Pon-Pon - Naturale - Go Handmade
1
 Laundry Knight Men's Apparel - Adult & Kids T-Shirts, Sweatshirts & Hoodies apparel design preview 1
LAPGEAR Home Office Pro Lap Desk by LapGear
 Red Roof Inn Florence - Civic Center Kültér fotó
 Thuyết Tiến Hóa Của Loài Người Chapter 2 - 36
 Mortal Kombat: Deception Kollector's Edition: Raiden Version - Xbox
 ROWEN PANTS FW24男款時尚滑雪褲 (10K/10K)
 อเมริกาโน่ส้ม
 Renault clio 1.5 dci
+ + + +
## [WORK ORDER]
Please return the whole listing, line for line, exactly.

## [ANSWER TO THE EXERCISE]
Pon-Pon - Naturale - Go Handmade
1
 Laundry Knight Men's Apparel - Adult & Kids T-Shirts, Sweatshirts & Hoodies apparel design preview 1
LAPGEAR Home Office Pro Lap Desk by LapGear
 Red Roof Inn Florence - Civic Center Kültér fotó
 Thuyết Tiến Hóa Của Loài Người Chapter 2 - 36
 Mortal Kombat: Deception Kollector's Edition: Raiden Version - Xbox
 ROWEN PANTS FW24男款時尚滑雪褲 (10K/10K)
 อเมริกาโน่ส้ม
 Renault clio 1.5 dci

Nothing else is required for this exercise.